[Caption-style text data]
Segment Open

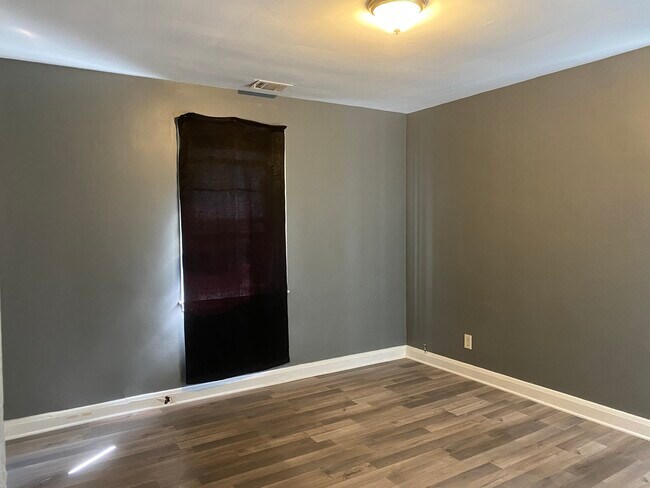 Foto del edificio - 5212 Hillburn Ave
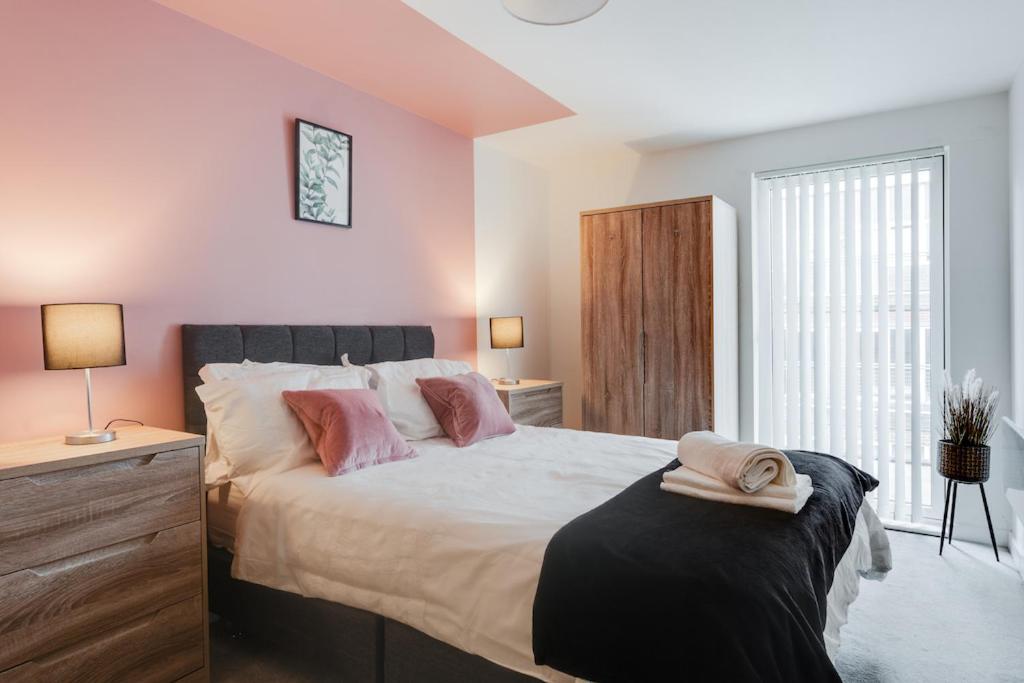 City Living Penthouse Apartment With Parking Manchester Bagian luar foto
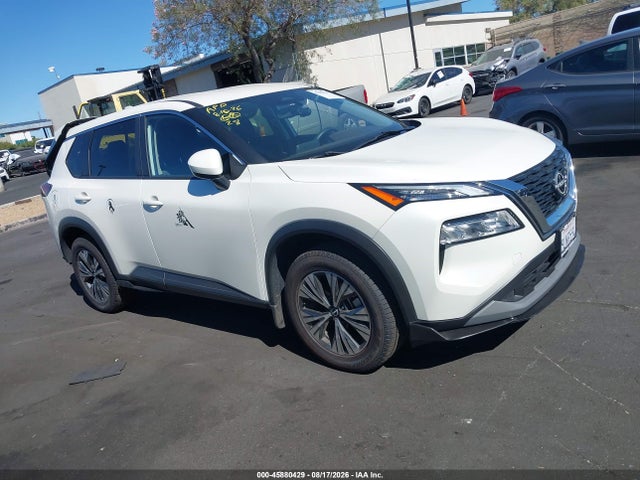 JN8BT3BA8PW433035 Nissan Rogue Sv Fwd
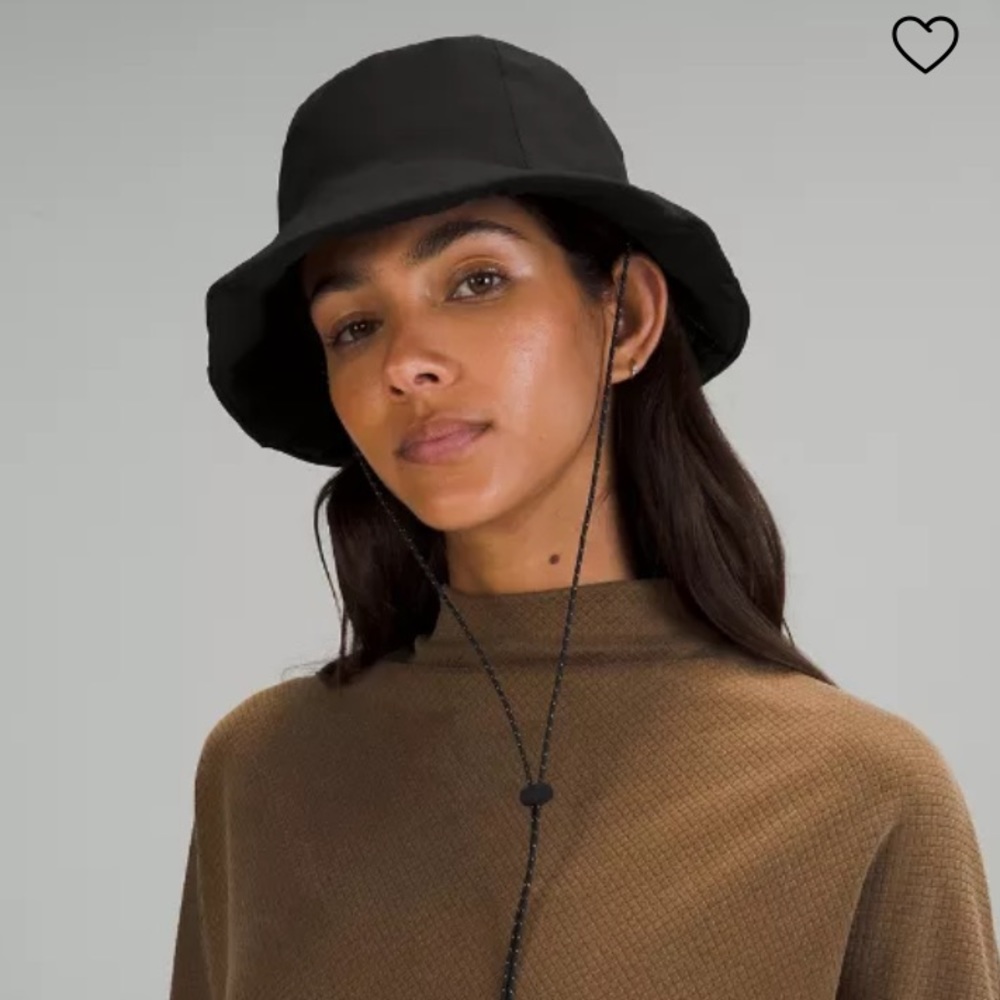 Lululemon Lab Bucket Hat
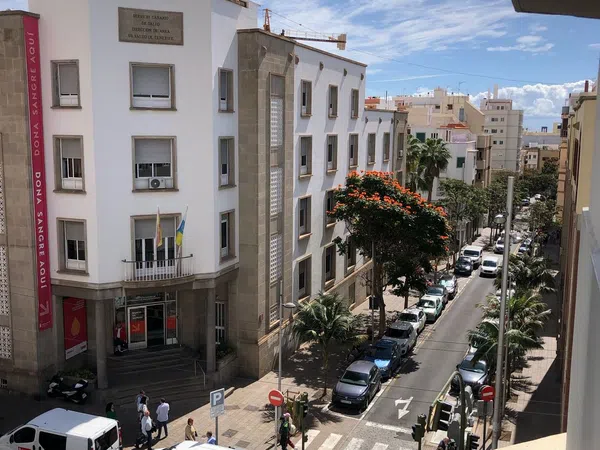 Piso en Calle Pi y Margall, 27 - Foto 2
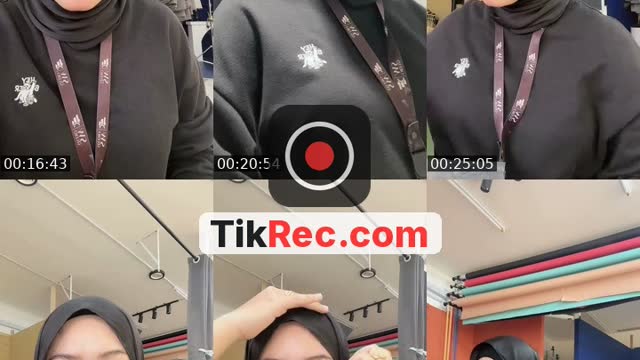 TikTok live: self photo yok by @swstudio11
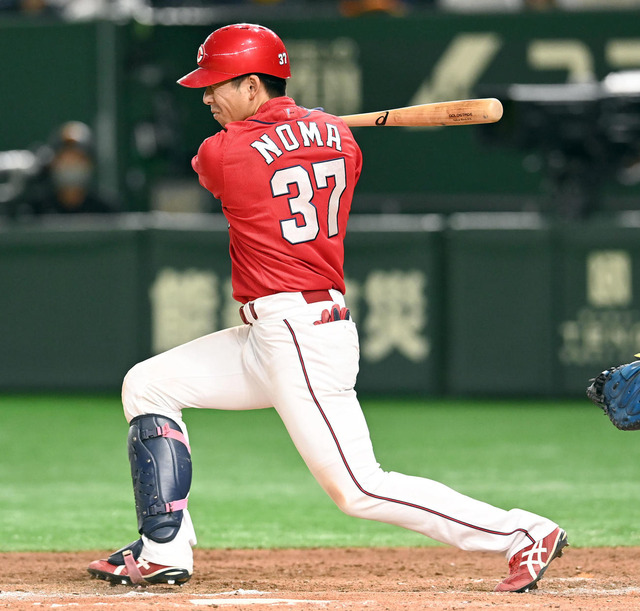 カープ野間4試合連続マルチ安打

Segment Closed

*DIRECTIONS*: Without including the pictures, reproduce all entries exactly.

*SOLUTION TO THIS PROBLEM*:
 Foto del edificio - 5212 Hillburn Ave
 City Living Penthouse Apartment With Parking Manchester Bagian luar foto
 JN8BT3BA8PW433035 Nissan Rogue Sv Fwd
 Lululemon Lab Bucket Hat
 Piso en Calle Pi y Margall, 27 - Foto 2
 TikTok live: self photo yok by @swstudio11
 カープ野間4試合連続マルチ安打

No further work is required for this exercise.